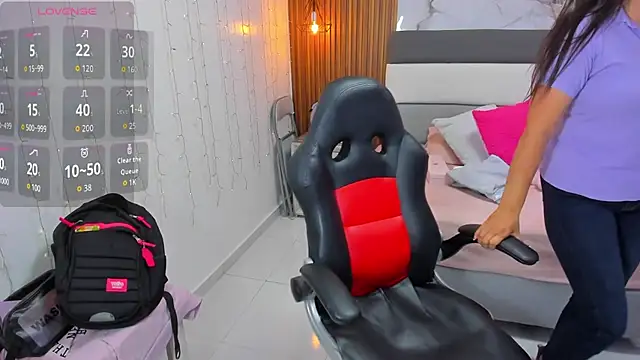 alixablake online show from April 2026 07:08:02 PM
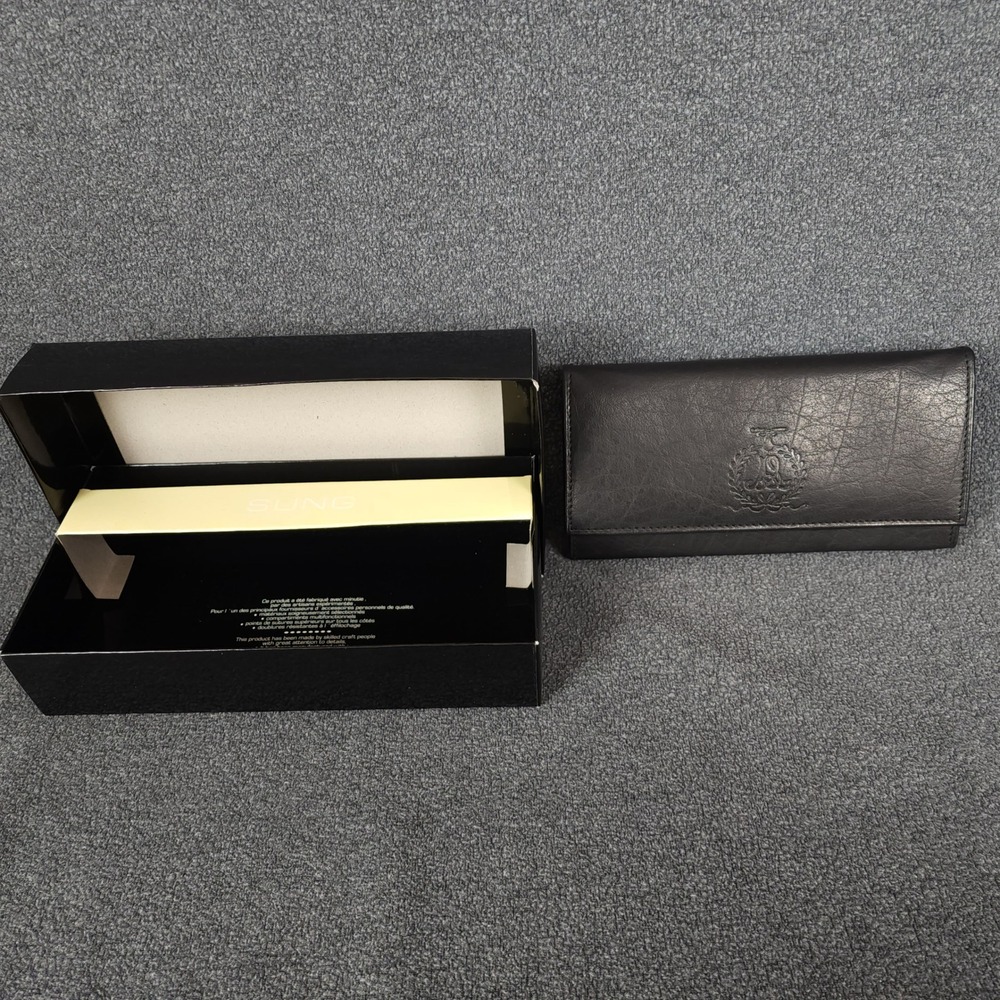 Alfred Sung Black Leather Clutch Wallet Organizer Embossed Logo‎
--------
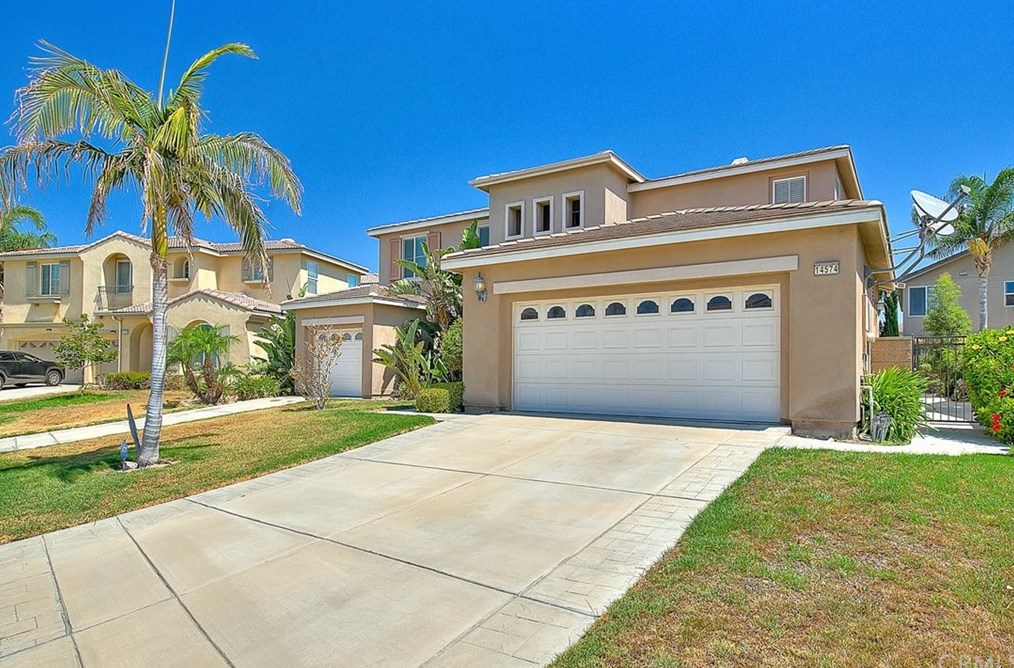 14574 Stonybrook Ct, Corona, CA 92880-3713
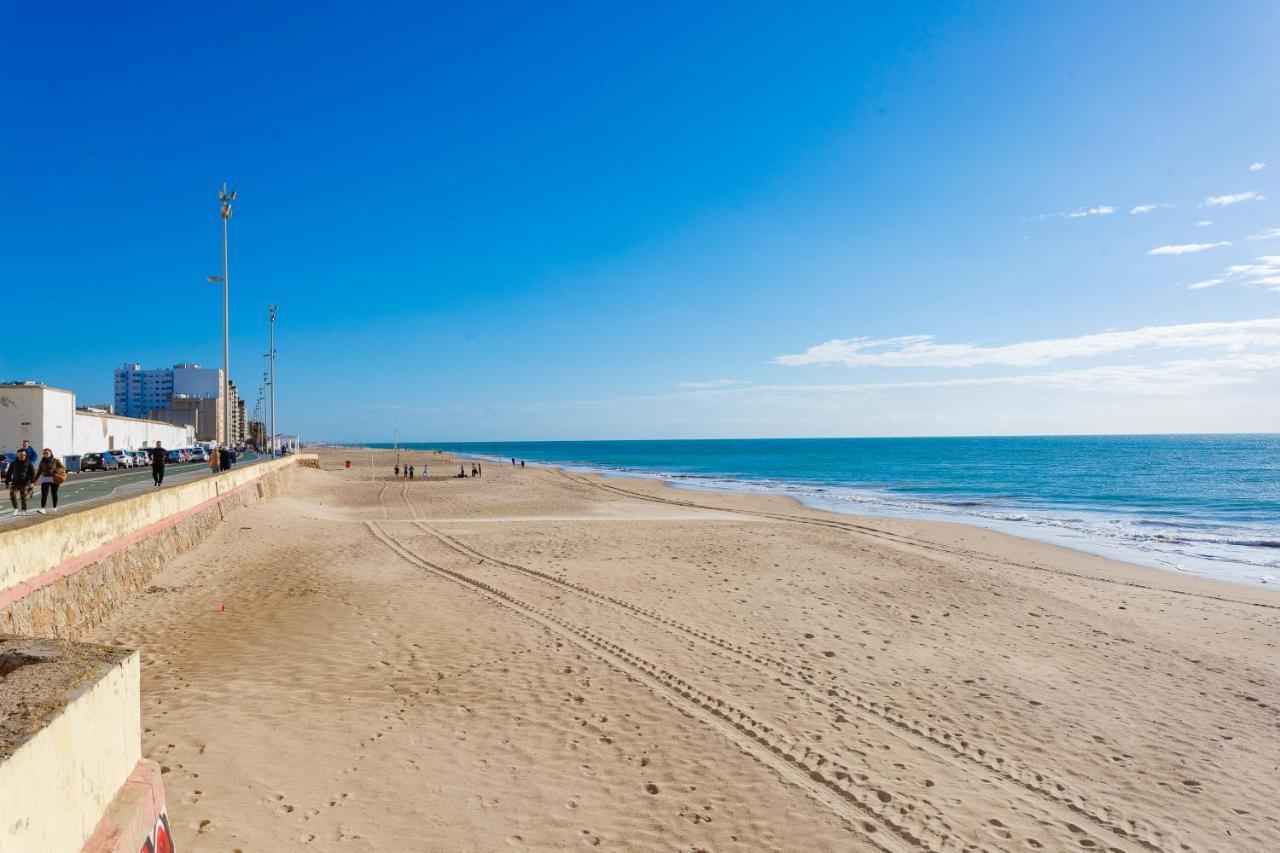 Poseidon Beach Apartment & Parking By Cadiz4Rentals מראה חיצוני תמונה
--------
PROBLEM TO SOLVE
Using the material above, transcribe exactly the lines from the one holding "14574 Stonybrook Ct, Corona, CA 92880-3713" to the one holding "Poseidon Beach Apartment", both ends kept. Do not carry over any pictures.

FINISHED EXERCISE
 14574 Stonybrook Ct, Corona, CA 92880-3713
 Poseidon Beach Apartment & Parking By Cadiz4Rentals מראה חיצוני תמונה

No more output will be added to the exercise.